Comment:  The NORA specifically makes provision for discussing with the patient their readiness, willingness and ability to commit to a narcotic pain medication usage agreement on the condition that repeated violations of use may result in the discontinuance of the prescribed medication(s). 

“None of the risk assessment tools are able to predict perfectly which patients will ultimately suffer from OUD if prescribed opioids in their pain management.” 

Also, “Despite relatively weak evidence to support the use of any one tool, recommendations strongly encourage use of risk assessment tools prior to initiating opioid therapy. Risk assessment should be repeated regularly during the course of opioid therapy. To optimize a combination of universal precautions and risk assessment prior to prescribing, clinicians should also make use of urine drug screening to provide the most consistent approach for opioid risk assessment.
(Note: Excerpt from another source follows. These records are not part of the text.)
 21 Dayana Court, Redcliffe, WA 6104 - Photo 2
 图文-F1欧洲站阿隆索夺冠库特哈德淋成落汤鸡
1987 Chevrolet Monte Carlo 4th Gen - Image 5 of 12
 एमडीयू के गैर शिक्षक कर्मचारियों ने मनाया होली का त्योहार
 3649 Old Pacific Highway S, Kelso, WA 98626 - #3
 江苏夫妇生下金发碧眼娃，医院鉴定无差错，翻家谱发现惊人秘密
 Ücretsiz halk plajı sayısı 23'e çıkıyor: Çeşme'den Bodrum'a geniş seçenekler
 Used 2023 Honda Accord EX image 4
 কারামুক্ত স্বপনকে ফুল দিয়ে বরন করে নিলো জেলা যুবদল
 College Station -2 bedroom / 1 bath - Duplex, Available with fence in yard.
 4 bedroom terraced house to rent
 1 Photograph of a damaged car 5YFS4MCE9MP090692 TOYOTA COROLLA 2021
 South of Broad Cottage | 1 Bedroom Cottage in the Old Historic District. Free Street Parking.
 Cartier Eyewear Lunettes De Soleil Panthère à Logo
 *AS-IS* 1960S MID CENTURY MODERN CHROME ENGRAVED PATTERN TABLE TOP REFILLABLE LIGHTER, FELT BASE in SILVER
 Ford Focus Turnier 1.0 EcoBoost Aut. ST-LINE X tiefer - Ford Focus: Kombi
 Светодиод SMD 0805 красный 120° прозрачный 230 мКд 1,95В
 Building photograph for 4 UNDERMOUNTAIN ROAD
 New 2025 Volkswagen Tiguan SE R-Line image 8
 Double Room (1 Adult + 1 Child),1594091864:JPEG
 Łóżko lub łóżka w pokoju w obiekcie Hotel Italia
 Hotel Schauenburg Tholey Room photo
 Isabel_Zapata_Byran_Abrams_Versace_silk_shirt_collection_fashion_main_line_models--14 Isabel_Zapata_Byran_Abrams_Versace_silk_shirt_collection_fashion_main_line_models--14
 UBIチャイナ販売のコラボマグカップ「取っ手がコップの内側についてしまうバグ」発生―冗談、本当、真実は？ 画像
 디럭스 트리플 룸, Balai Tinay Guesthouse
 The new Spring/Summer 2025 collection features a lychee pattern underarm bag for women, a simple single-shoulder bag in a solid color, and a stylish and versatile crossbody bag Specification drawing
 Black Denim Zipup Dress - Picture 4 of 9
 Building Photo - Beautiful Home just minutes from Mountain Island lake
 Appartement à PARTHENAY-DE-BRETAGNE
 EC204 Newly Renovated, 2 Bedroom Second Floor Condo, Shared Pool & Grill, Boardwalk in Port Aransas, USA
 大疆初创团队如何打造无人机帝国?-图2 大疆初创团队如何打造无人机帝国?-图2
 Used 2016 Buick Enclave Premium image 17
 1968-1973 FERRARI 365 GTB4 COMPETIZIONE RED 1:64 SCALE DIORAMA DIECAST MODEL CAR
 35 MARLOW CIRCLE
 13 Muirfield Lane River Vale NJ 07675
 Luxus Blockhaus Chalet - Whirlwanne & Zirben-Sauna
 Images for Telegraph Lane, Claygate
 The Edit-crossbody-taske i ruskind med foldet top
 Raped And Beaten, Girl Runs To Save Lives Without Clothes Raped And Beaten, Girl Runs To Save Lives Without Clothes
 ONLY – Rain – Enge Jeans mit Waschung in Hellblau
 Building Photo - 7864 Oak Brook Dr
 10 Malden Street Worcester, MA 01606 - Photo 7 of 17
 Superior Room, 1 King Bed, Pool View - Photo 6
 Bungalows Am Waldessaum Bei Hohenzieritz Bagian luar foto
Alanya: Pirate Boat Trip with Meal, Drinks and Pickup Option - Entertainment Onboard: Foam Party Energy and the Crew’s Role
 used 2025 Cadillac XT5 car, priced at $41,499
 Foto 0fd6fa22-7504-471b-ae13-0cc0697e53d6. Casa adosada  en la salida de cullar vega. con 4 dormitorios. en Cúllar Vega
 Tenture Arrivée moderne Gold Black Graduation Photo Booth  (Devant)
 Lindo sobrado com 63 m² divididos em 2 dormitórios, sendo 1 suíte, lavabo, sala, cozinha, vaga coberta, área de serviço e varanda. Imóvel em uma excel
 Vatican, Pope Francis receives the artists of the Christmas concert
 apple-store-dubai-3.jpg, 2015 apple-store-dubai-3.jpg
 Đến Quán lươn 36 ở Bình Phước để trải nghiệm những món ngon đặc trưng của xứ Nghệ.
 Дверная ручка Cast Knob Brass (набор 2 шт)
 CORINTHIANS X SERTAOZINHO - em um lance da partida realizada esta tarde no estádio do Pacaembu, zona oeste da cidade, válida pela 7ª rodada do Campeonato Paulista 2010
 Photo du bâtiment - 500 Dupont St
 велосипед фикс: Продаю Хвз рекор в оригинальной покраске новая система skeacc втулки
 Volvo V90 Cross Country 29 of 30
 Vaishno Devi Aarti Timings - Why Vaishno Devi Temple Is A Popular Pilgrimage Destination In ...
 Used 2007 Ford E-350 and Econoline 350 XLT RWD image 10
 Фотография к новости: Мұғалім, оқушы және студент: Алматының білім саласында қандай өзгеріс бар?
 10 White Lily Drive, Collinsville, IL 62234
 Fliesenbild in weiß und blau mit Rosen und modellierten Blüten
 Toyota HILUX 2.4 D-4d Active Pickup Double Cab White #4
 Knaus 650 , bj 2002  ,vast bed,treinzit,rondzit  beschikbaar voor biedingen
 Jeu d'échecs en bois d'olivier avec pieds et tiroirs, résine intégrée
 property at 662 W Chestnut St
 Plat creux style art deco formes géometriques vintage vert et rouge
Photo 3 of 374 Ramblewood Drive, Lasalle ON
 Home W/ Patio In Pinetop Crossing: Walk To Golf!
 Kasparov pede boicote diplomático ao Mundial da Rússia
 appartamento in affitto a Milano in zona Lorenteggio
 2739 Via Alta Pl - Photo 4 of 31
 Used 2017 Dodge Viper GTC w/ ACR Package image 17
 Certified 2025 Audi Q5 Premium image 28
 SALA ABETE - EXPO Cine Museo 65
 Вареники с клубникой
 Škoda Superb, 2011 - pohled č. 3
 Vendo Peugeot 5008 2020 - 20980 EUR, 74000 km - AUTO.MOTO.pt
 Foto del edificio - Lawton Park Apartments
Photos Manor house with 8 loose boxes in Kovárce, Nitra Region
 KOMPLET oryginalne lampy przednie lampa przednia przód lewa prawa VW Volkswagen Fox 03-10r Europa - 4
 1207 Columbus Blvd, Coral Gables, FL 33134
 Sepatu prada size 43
Risk assessment tools and urine drug screening both have flaws, but using them provides better patient outcomes than physician subjective impressions.”


The NORA is an assessment of wide-ranging utility, not only of assessing opioid use (or other substance use) risk and not only of assessing adverse drug related behaviors, but also of assessing a multitude of psychobiosocial risk factors which, a priori and a posteriori, appear to be clinically implicated in both opioid risk, broadly construed, and Opioid Use Disorder, more specifically. 

Since the NORA is not primarily designed solely to be a statistical tool, per se, it does not seek to make statistical risk-predictions (excepting for the, respective, DSM-5-Based Criteria portion of the protocol). 

However, the NORA certainly serves as a serious interactive methodology, to investigate and identify suspected, probable or actual psychobiosocial risk-factors, to summarily result in a clinical judgement, predicated upon the due-diligence required by the NORA administration, culminating in making specific recommendations for consideration by the prescriber (or other referral entity) for opioid therapy, or not, along with suggested risk-mitigating services.